1cmake_minimum_required(VERSION 2.8.12)
2project(APP)
3
4# C++ 20 standard
5add_compile_options(-std=c++20)
6
7
8if(NOT CMAKE_BUILD_TYPE)
9set(CMAKE_BUILD_TYPE Release)
10endif()
11
12set(CMAKE_CXX_FLAGS "-Wall -Wextra")
13set(CMAKE_CXX_FLAGS_DEBUG "-g")
14set(CMAKE_CXX_FLAGS_RELEASE "-O3")
15
16find_package(dlib REQUIRED)  
17# Using the "cmake" generator
18include(${CMAKE_BINARY_DIR}/conanbuildinfo.cmake)
19conan_basic_setup(TARGETS)
20
21add_executable(app application.cpp)
22
23target_link_libraries(app CONAN_PKG::opencv dlib::dlib)
24

Note: I use find_package in CMakeList to find and reference the dlib package I built in the previous step. This step is not needed if you were able to install dlib using the Conan package manager, and in that case, you may have to add CONAN_PKG::dlib reference in the target_link_libraries; if not already done so by Conan. This can be controlled in Conan, see conan generators.

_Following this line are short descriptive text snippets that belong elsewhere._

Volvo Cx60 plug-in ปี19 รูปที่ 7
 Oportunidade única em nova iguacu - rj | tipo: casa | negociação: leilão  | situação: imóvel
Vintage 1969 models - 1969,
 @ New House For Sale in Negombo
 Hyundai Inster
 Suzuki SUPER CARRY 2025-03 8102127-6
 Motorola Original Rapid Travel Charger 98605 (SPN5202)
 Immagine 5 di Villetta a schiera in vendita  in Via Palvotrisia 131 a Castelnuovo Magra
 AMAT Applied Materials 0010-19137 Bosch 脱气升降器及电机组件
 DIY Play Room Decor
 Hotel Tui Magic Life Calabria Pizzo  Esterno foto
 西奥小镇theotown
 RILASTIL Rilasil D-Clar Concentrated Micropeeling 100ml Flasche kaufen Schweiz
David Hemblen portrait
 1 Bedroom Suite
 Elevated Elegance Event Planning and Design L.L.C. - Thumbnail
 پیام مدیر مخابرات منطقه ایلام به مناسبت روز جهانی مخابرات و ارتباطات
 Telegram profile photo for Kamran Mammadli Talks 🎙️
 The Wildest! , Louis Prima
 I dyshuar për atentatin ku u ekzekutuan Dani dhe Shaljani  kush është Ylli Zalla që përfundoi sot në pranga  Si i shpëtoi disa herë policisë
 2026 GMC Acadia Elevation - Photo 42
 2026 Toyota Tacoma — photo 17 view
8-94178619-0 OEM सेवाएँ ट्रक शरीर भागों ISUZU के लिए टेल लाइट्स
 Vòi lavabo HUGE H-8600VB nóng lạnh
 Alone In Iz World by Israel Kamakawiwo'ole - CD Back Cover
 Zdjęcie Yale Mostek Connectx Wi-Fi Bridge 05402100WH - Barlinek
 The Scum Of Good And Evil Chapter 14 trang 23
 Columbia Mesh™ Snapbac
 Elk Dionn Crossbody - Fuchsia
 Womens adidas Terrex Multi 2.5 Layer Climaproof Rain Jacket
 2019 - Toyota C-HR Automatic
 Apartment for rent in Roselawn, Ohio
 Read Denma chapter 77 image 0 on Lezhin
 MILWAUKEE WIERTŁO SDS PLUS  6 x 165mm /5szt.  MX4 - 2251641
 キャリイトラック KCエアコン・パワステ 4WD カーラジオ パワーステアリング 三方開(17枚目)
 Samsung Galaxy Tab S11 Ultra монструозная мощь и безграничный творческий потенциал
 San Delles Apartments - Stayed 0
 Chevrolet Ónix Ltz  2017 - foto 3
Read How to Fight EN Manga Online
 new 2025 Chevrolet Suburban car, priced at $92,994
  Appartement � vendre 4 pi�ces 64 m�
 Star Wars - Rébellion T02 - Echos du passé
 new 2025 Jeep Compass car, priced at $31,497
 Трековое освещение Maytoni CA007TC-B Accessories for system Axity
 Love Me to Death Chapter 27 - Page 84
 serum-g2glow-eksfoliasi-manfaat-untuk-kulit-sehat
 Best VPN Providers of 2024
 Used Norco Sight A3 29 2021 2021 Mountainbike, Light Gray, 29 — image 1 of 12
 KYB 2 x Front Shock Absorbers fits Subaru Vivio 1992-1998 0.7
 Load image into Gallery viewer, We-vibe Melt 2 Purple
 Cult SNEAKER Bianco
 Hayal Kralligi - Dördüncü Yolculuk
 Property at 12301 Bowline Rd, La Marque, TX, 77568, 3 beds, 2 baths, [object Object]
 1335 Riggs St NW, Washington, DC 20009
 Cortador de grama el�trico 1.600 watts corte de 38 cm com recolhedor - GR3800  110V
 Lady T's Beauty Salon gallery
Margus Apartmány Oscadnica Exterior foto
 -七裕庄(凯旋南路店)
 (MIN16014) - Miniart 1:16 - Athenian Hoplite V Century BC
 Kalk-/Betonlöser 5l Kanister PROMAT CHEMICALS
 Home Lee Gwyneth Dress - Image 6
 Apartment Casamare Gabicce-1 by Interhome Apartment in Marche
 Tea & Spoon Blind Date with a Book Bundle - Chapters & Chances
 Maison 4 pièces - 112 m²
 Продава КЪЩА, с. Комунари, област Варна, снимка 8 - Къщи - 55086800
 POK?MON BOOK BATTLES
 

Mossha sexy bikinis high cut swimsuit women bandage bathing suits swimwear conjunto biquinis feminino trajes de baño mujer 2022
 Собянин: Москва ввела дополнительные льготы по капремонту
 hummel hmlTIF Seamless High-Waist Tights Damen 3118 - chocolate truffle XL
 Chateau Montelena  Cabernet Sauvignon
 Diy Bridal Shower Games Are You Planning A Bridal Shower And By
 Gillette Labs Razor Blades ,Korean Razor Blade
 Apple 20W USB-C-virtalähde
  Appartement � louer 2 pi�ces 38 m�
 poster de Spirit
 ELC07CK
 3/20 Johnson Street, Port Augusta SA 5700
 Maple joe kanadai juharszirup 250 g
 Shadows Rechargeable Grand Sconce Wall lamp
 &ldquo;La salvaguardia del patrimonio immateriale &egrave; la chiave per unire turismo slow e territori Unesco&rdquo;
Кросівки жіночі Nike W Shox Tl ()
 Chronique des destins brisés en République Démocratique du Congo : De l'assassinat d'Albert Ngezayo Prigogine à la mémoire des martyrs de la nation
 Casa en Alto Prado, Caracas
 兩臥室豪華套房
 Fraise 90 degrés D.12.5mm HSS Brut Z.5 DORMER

In this writeup, I give a basic overview of how to install conan, use Conan, and use CMake build system. For more details, you can refer to CMake and Conan documentations. Moreover, there are many other package managers (vcpkg, hunter etc.) and build systems (bazel, ninja etc.) for C++ development. I am just going over one particular combination of a package manager and a build system (albeit, a popular one) to set up some demo projects, which I have put in my git repo.

Conclusion

We've set up a robust C++ development environment for building high-performance AI applications on edge devices. This foundation will allow us to leverage C++'s power and efficiency in creating optimized AI solutions. In the next posts, we'll dive into practical AI applications, demonstrating how to use this environment to build and optimize AI models for edge deployment.